Luna-57 è il nome di una missione. Meglio, della preparazione ad una missione.
O, forse, più precisamente, del tentativo di costruire un modulo di sopravvivenza. Per chi parte, certo, ma soprattutto per chi resta, al buio di una stanza che non viene mai aperta.
Come fosse un contemporaneo Libro dei Morti, una ragazza hikikomori mette a punto una serie di istruzioni destinate al padre in procinto di partire per una missione, appunto, che pare essere pericolosissima: esercizi propedeutici ad un viaggio di sola andata, in cui prende voce la frattura di un’imminente separazione.
Immersioni visive in territori deserti, improbabili coreografie propiziatorie, movimenti inconsueti, esercizi dai nomi arcaici, suoni da altre dimensioni, costituiscono parti di un allenamento per restare in vita su un pianeta sconosciuto e al contempo per sopravvivere senza qualcuno.
Nello spazio metaforico di un altrove in cui ricominciare, si dispiega un dialogo a senso unico che assume le sembianze di un gioco di specchi, in cui una ragazza, nella solitudine della propria stanza, si munisce di un casco da astronauta e sussurra ad una telecamera “Ce la puoi fare papà”: un invito che è quasi una maledizione, un incoraggiamento che precipita in un confronto con l’ambivalenza di un rapporto fatto di ricordi, di speranze, di rancori, di non detti.
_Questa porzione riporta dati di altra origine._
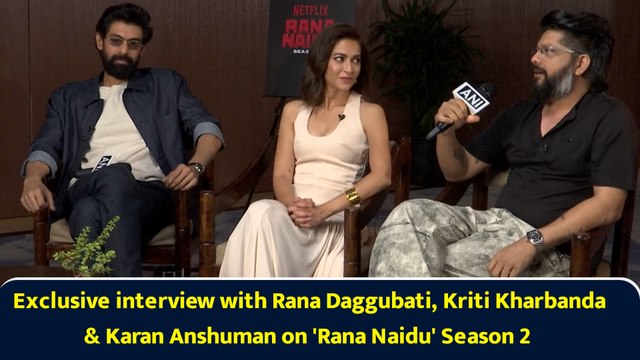 Exclusive interview with Rana Daggubati, Kriti Kharbanda & Karan Anshuman on 'Rana Naidu' Season 2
E dal dentro di una segregazione autoinflitta, con continue incursioni di un fuori sempre e comunque presente, la missione LUNA-57 diventa la risposta all’incombere di molti pericoli: un razzo che sta per partire, un mondo con cui non si vuol fare i conti, un tempo che si assottiglia fino a diventare l’istante che precede un addio.